I’d like to begin by stating that this article in no way condones drunk driving, nor is meant to encourage it. I have close friends that a drunk driver almost killed, as well some whom have caused accidents. Drunk driving should be taken very seriously, with harsh penalties to discourage it. That said, I believe punishment should always be fair, and never worse than the actual danger one posed to society.


What is BAC? It stands for Blood Alcohol Concentration, which is usually measured using a breathalyzer, the thing police have you blow into. It measures the amount of alcohol in your breath, which is assumed to be proportionate to the amount in your blood. A reading of 0.01, or “point oh one,” is saying that your blood contains 0.01% alcohol, and that the other 99.99% is blood. There are so many factors that may cause a breathalyzer’s reading to be inaccurate that I’ll be devoting an entire article to the subject later.


In Michigan, adults driving with a BAC at or over 0.08% are impaired, while a BAC over 0.17% is super drunk, which greatly increases the penalties. These are just numbers, though, and only tells the amount of alcohol in someone, not how much it’s affecting them.


Alcohol affects different people in different ways, and even the setting it’s consumed in can change how much impairment it causes. For the sake of this discussion, we’ll assume BAC was determined by a blood sample, as that measurement, unlike breathalyzers, is accurate.


Mixing alcohol with other drugs, especially downers, such as barbiturates, benzodiazepines, and even marijuana will cause more impairment than taking either drug alone, so a breathalyzer result measuring only alcohol will underestimate how impaired the driver is. The same could be said of being sleepy while driving.


Age also plays a factor. People under 21 are less experienced drivers, and worse at multitasking. Because of this, they have a much greater risk of crashing their car after drinking. A 19 year old with a 0.06% BAC is much more dangerous to themselves and others than a 50 year old with a 0.06% BAC.


Chronic alcohol use leads to physical tolerance to its effects. Heavy drinkers metabolize alcohol more quickly, and they also change the gene expression in their brains, causing it to affect them less. I’ve personally seen a person in the hospital with a BAC of 0.40%, which is often lethal, but he walked around just fine, and didn’t slur his speech at all, which was amazing. BAC in heavy drinkers underestimates their impairment.


There is also learned tolerance, which is when someone practices a task while drunk, and then can perform the task with less impairment while intoxicated. Someone without a physical tolerance to alcohol may be able to perform specific tasks, like shooting pool, throwing darts, or even driving a car, with less impairment than should be expected. Here, a BAC level would overestimate impairment in alcohol-trained skills, while be accurate for everything else.
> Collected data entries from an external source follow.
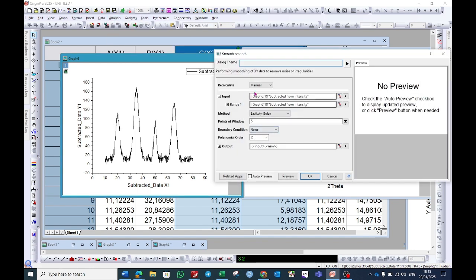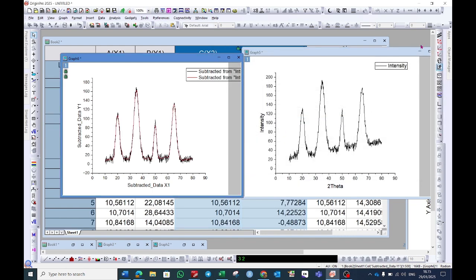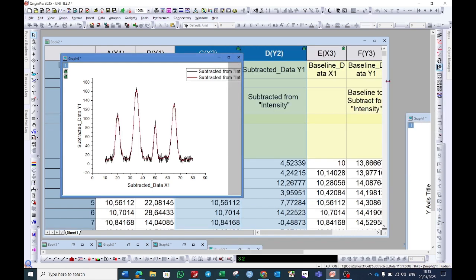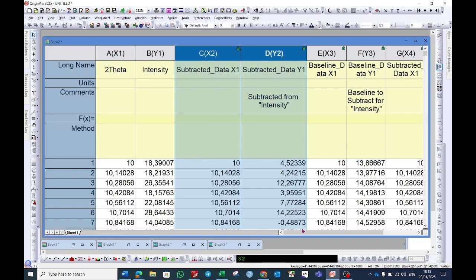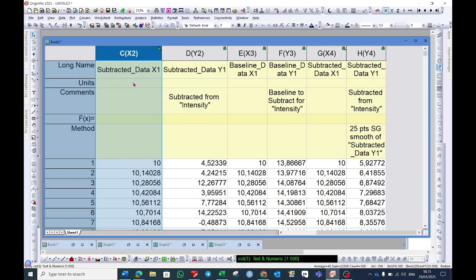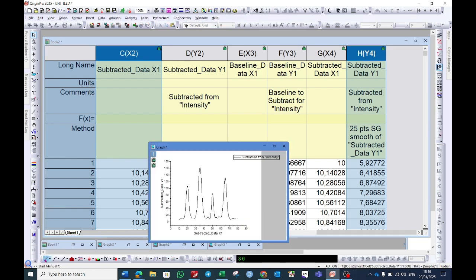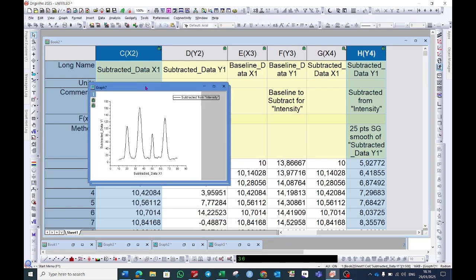In my another video, I have explained about the methods and about this point of window. You can watch this short video. Here I will choose 25 and then press OK. So it has generated another column with the smooth values. Select subtracted data X1, and this time the subtracted from the intensity, but with smooth data, the last column. And then select this line curve again.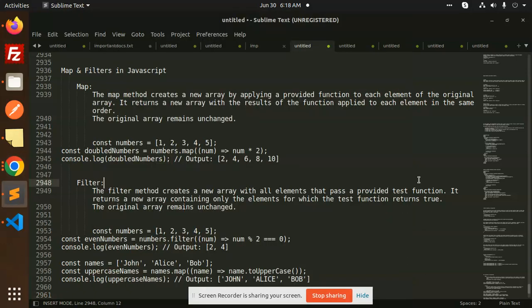Hello friends, welcome back to the new tutorial of JavaScript in Hindi. Today we will talk about maps and filters in JavaScript. It is a very important topic.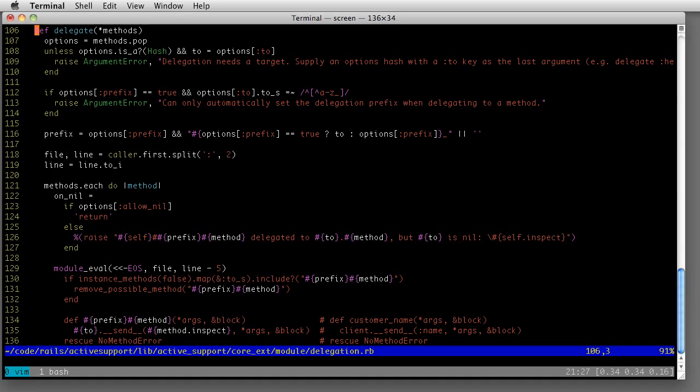Notice my cursor is up on line 106, and let's say I wanted to change something down on line 129. Now there are a few ways to get down there. The one I would probably use is I would type the line number and then a capital G, so 129 capital G. And that jumps you right down there.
Environment-dependent tolerance is when someone drinks in the same setting consistently, like a bar, and it less affected by alcohol than they would be in another setting, such as an office. The body picks up on cues it associates with drinking, and compensates for the expected influx of alcohol. Because of this, the same person with the same BAC may be less impaired at a bar they frequent than they would be drinking somewhere else.
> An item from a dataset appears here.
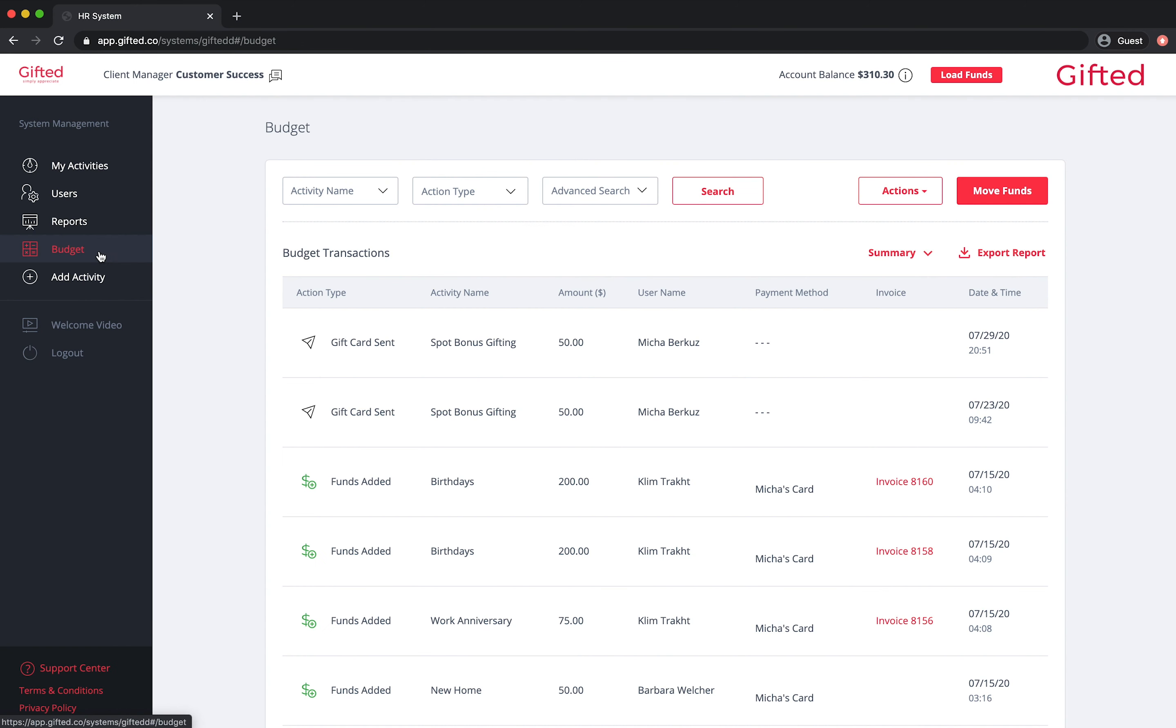To edit a budget alert or your Autoload feature, click on budget, actions, and select the one you'd like to edit. Next, click on the cogwheel to access settings.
Finally, when performing familiar actions, such as driving familiar roads, riding a bike, or playing a guitar, a person will be less impaired than they would be if doing something they were unfamiliar with. Somewhat fortunately, a chronically impaired driver who always takes the same roads home from their favorite bar is less impaired at that task due to its familiarity.


So, how can we determine actual impairment, if BAC isn’t a perfect measurement, and there are so many confusing variables? My solution would be to have the accused person perform a driving test, under strict supervision, on a closed course, at the same BAC they were caught having. If they perform well enough that no impairment is found, then they should be found innocent, or at least be penalized much less. If they perform even worse, then they should be punished more. This may sound impractical, but the sum of a person’s activity isn’t a single BAC reading. The totality of a case must be considered, and appropriate punishments given for justice to be served.